Just thinking about something else...
I really think that the courts will HAVE to side with the Church on this one...
If one commits mortal sins, aren’t they are always denied burial in Catholic cemeteries? As an example, people who commit suicide are denied burial in Catholic cemeteries. I may be wrong, but aren’t homosexual acts considered to be mortal sins as is suicide?
This would completely close the case.
Mark
(I am not a canon lawyer, so if I'm wrong here --- yes, it's possible! --- I will gratefully accept correction.)
What would disqualify a person, would be something objective and public.
Suicide used to bs considered such, but in my lifetime the thinking has swung around that suicides are often not in their right minds, and therefore not fully culpable for their actions.

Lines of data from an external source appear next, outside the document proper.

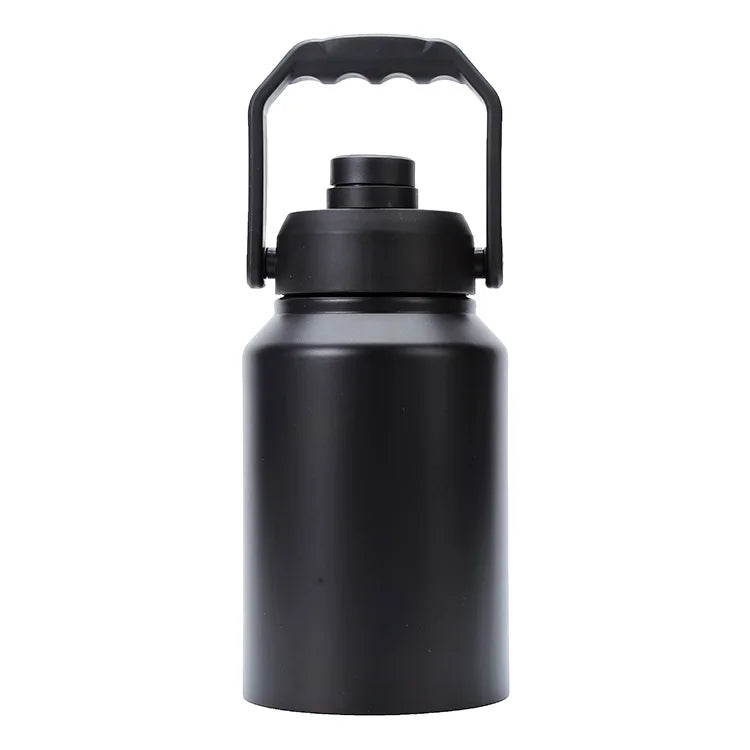 Black insulated stainless steel thermos flask with a handle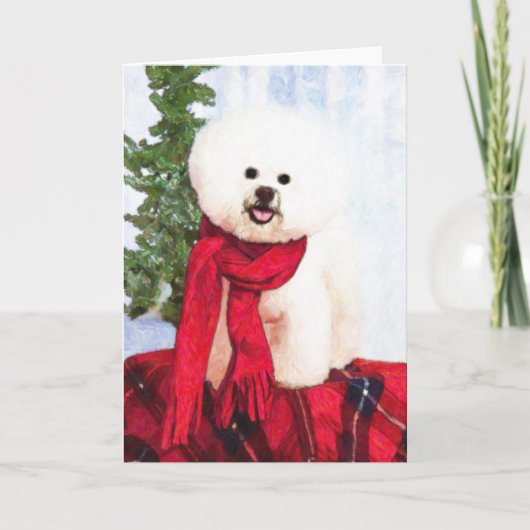 Bichon Frise Christmas Card Feiertagskarte (Vorderseite)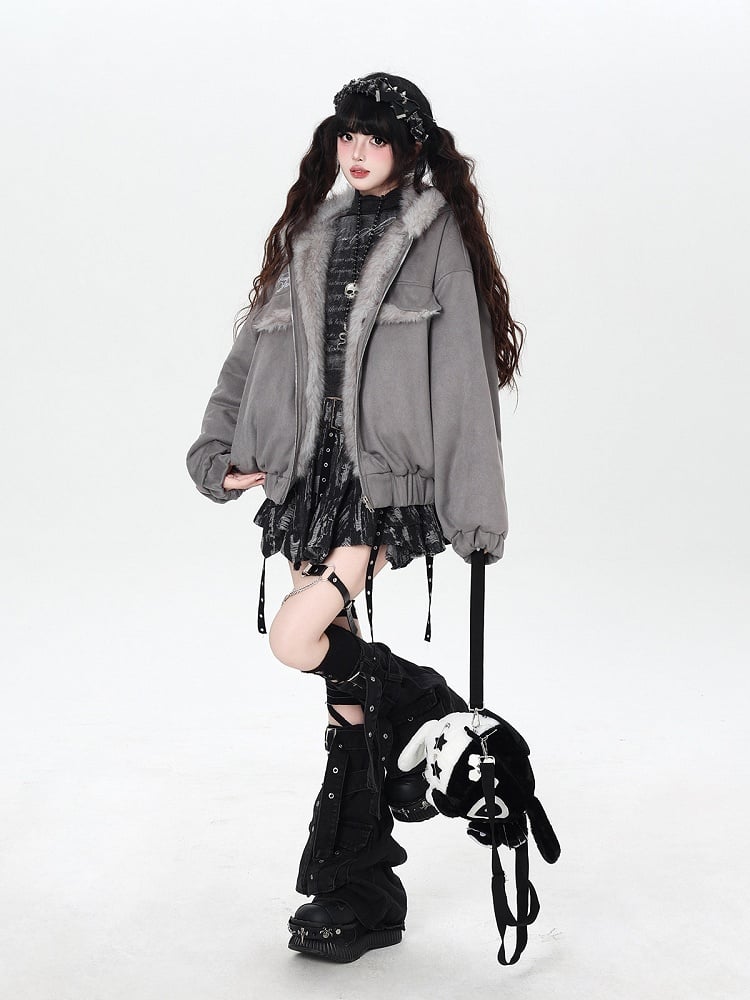 Jacket Ears Pattern Padded Fur Lettering Rabbit with Hooded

Lamentably, we just buried a 20-year-old suicide from our parish. There is a good presumption he was mentally ill, he had a background of psych treatment.
"Being homosexual" wouldn't disqualify a person from a Catholic funeral and burial in consecrated ground --- most of their sodomitical acts would have been private, which is to say, not displayed to observation, and who knows, the person might have repented on their deathbed--- but Gay "marriage" would, I think. Because of the public nature of marriage: it would be a visible, official, objective, manifest rejection of Catholic faith and morals.
Anybody else who knows the subject better than I do, please chime in.
This HEADSTONE thing, of course, is a public, open, obvious provocation. I agree with tax-chick: the cemetery just has to say No. Finis.
Well, if that’s true, I think the Church would have told them that when they said they wanted a faggot headstone.